[TASK DESCRIPTION]: Using the records below, output the stretch that opens with the line containing "Cappello Beanie in Lana a Coste con PomPon" and closes with the line containing "Clearance Tribesigns 6-Shelf", exactly and including both lines, with nothing more.

[RECORDS SUPPLIED]:
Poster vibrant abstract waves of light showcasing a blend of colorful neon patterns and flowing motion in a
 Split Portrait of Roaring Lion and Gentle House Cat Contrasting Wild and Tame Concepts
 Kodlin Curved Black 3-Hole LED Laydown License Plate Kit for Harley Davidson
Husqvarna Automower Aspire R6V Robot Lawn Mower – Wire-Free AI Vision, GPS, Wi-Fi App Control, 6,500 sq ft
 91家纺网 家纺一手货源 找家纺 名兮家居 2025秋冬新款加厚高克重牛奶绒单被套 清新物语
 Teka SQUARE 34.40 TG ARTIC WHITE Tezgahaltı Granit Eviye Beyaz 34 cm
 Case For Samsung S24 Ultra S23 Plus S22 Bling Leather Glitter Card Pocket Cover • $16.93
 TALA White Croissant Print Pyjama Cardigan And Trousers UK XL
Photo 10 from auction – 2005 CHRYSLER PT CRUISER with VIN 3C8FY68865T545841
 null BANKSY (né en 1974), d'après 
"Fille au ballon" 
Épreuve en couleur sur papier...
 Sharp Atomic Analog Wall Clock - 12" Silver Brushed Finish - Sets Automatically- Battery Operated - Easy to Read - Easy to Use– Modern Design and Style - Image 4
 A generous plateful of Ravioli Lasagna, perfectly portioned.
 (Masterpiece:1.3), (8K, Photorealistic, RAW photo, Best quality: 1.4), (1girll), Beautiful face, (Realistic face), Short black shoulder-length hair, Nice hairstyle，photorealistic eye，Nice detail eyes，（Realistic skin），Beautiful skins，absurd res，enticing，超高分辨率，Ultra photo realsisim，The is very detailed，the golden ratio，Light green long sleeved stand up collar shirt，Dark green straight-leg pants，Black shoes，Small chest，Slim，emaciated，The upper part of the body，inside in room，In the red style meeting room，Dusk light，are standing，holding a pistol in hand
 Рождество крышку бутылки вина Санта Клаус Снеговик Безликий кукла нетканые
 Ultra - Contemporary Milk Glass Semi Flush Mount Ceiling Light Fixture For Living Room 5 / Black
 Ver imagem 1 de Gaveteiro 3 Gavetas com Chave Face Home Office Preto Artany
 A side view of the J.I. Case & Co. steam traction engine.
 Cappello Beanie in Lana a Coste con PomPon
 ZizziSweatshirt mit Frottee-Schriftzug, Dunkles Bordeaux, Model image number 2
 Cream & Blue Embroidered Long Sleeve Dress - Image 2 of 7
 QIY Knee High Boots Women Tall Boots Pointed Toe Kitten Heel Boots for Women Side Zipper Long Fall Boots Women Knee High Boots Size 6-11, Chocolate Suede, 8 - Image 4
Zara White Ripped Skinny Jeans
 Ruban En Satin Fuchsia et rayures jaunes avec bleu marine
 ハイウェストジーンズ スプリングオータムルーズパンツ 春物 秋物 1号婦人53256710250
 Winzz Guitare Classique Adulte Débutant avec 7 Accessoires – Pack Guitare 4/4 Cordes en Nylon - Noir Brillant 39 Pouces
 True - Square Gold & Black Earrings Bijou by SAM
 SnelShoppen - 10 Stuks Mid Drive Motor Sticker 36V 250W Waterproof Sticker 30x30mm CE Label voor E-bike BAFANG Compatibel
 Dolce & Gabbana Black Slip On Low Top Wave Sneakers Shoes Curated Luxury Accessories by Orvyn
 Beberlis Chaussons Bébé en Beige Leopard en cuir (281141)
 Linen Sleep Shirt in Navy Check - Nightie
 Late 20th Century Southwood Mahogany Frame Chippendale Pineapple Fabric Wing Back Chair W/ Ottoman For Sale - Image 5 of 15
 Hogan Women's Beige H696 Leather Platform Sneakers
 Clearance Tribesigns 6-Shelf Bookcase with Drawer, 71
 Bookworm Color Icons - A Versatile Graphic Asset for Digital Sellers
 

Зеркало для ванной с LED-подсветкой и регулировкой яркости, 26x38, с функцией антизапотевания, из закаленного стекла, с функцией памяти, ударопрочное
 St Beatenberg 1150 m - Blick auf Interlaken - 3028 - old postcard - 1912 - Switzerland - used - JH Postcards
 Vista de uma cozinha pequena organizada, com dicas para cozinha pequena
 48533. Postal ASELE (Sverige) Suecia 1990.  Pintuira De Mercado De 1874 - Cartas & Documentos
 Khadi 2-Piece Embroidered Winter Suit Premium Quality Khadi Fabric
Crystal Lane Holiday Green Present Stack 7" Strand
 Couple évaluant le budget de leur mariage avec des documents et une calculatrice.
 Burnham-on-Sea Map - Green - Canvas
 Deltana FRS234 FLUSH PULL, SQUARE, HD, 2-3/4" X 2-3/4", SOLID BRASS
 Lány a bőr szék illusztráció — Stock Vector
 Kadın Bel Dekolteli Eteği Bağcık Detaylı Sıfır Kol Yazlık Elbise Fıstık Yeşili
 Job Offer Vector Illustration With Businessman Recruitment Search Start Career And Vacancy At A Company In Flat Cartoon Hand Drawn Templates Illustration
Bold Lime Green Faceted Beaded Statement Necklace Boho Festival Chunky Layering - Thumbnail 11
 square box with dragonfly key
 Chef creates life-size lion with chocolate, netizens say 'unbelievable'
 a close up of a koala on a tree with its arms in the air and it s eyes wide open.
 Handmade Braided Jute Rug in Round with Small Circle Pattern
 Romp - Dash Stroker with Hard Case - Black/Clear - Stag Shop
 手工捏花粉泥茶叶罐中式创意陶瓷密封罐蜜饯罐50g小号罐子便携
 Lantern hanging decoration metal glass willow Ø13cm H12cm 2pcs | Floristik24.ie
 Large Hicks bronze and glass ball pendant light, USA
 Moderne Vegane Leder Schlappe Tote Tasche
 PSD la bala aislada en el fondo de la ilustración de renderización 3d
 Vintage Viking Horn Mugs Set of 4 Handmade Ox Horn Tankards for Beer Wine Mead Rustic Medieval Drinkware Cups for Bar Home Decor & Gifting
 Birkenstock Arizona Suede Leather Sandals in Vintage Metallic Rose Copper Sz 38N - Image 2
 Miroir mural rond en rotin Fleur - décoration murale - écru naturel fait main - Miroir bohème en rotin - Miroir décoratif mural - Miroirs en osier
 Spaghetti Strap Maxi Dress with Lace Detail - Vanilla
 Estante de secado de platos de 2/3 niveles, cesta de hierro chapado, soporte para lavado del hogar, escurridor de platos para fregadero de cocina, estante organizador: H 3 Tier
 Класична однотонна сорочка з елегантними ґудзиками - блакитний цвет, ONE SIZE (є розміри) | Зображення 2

[RESPONSE BELOW]:
 Cappello Beanie in Lana a Coste con PomPon
 ZizziSweatshirt mit Frottee-Schriftzug, Dunkles Bordeaux, Model image number 2
 Cream & Blue Embroidered Long Sleeve Dress - Image 2 of 7
 QIY Knee High Boots Women Tall Boots Pointed Toe Kitten Heel Boots for Women Side Zipper Long Fall Boots Women Knee High Boots Size 6-11, Chocolate Suede, 8 - Image 4
Zara White Ripped Skinny Jeans
 Ruban En Satin Fuchsia et rayures jaunes avec bleu marine
 ハイウェストジーンズ スプリングオータムルーズパンツ 春物 秋物 1号婦人53256710250
 Winzz Guitare Classique Adulte Débutant avec 7 Accessoires – Pack Guitare 4/4 Cordes en Nylon - Noir Brillant 39 Pouces
 True - Square Gold & Black Earrings Bijou by SAM
 SnelShoppen - 10 Stuks Mid Drive Motor Sticker 36V 250W Waterproof Sticker 30x30mm CE Label voor E-bike BAFANG Compatibel
 Dolce & Gabbana Black Slip On Low Top Wave Sneakers Shoes Curated Luxury Accessories by Orvyn
 Beberlis Chaussons Bébé en Beige Leopard en cuir (281141)
 Linen Sleep Shirt in Navy Check - Nightie
 Late 20th Century Southwood Mahogany Frame Chippendale Pineapple Fabric Wing Back Chair W/ Ottoman For Sale - Image 5 of 15
 Hogan Women's Beige H696 Leather Platform Sneakers
 Clearance Tribesigns 6-Shelf Bookcase with Drawer, 71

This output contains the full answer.